Laiseca cierra la carpeta, la tira debajo del escritorio, me mira. "Flaquito, escúcheme bien, para escribir sólo tengo un consejo: escribir mucho, leer mucho y vivir mucho. ¿Me entendió?" Digo un sí que me sale con tono de "sí, mi general".
Laiseca mira el escritorio, agarra los anteojos, se los pone. De una de las columnas de libros, saca uno de hojas amarillas que tiene los renglones subrayados. "Les voy a leer un cuento que voy a contar en la tele, se llama ?La caída de la casa Usher', de Edgar Allan Poe." Arranca y se frena. "Oyeron la música, cómo mete las comas al principio", vuelve a leer el párrafo al pie de página y, entre cada palabra, suelta un silencio de guillotina.

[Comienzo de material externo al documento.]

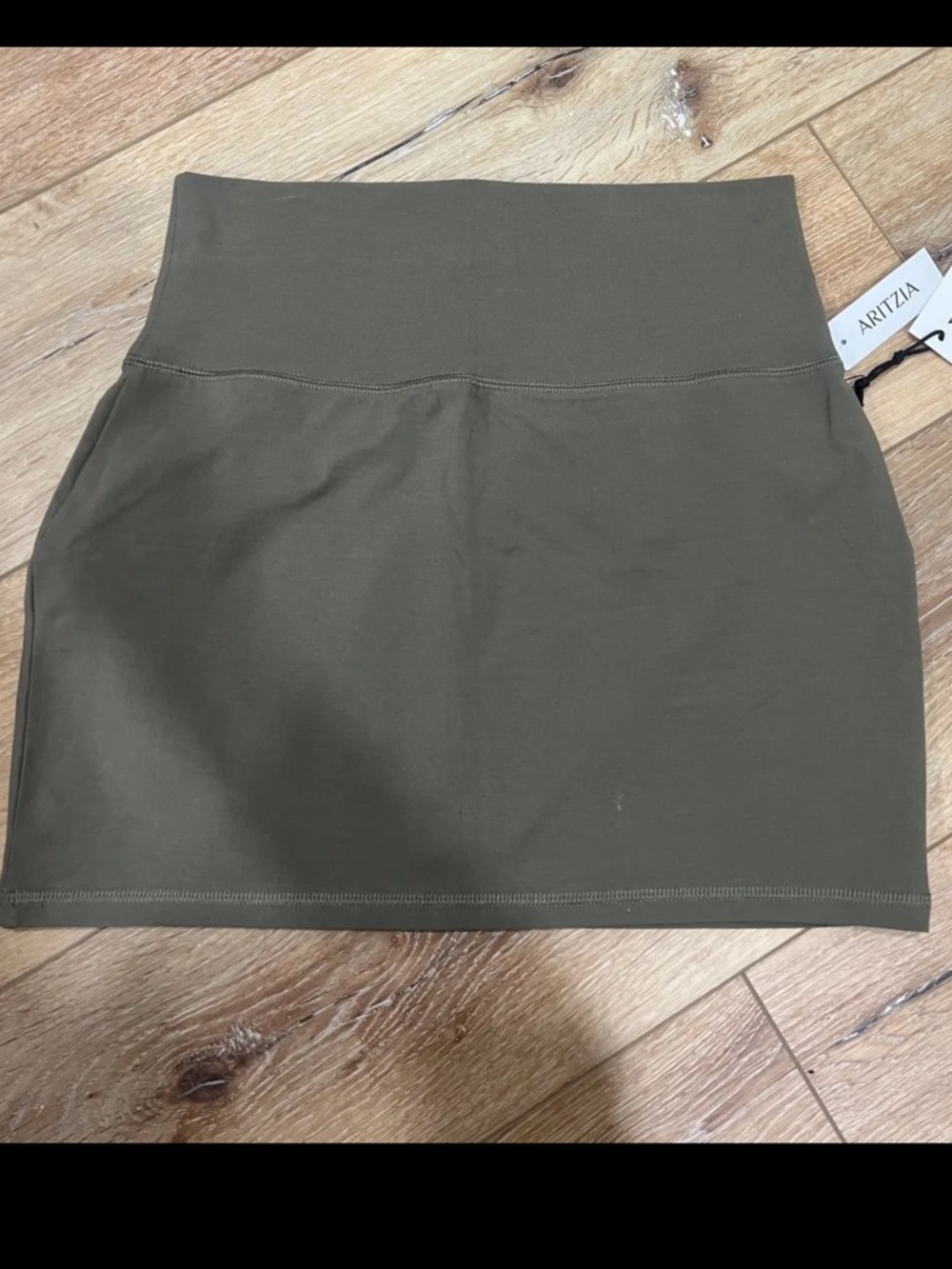 TNA Olive Green High-Rise Mini Skirt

Las palabras mágicas en acción
Asistí al taller de Laiseca hasta mediados de 2012. Presencié varias primeras clases de algún tallerista y la escena era muy similar a la que me tocó a mí. Siempre pensé que era su rito de iniciación, que eso de "leer mucho, escribir mucho y vivir mucho" era parte de su invocación mágica para incluirte en el campo creativo que sólo él podía abrir.
La lectura era clave, le preocupaba que los chicos leyeran cada vez menos. Oírlo leer o contar alguna anécdota de un escritor era suficiente para ir, no bien salía del taller, a los puestos del Parque Centenario para dar con Edgar Allan Poe, Joseph Conrad, Herbert Read, Isaac Asimov, Emilio Salgari, Arthur Clarke, Mika Waltari, Rider Haggard, J. G. Ballard, Ray Bradbury, George Orwell, Horacio Quiroga, Manuel Mujica Lainez, Bioy Casares. Por Laiseca leí los tres tomos de Las mil y una noches, las revistas Más Allá y algunos tratados de guerra, magia y astrología. Uno de los libros más difíciles de encontrar, recuerdo, fue Invitación a la masacre, de Marcelo Fox (de quien nos contó anécdotas desopilantes).

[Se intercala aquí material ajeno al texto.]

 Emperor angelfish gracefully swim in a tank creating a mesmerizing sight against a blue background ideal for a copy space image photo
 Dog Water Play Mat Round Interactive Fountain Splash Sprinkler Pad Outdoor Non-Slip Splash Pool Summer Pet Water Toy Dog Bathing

La producción literaria era una marca del taller. Lo de escribir mucho se facturaba en hojas y hojas, un relato o un capítulo de novela por semana era una marca regular de los asistentes al taller. En la cantidad, el discípulo se encontraba con su registro narrativo, a su tiempo, sin ser víctima de la matriz de un maestro.
Laiseca vivió mucho, era un tipo con mucha calle. Cuando lo conocí, sus incursiones en el mundo ordinario eran a cuentagotas: lecturas, festivales, clases en el Centro Cultural Rojas, filmaciones. Una de las salidas que me tocó compartir con él fue ir a Camilo Aldao (Córdoba), su pueblo de la infancia. Fuimos en mi auto y aquello se convirtió en una especie de road movie campestre con atmósfera del túnel del tiempo.
"Todos somos una pirámide", me dijo un día Laiseca y me lo quedé mirando mientras le daba una pidada al cigarrillo. "Mi problema es que tengo poca base, no se olvide de eso, hágase una buena base." Disentí sobre eso con el maestro, pero no se lo dije. Creí que era un ser humano de base enorme: obra, conocimiento amplio, experiencias, discípulos, gente que lo quería y lectores fieles.
Pienso que Laiseca es una pirámide tan grande que, aventuro a predecir, cuando el primer telescopio alienígena haga foco en la tierra, será lo primero que vea.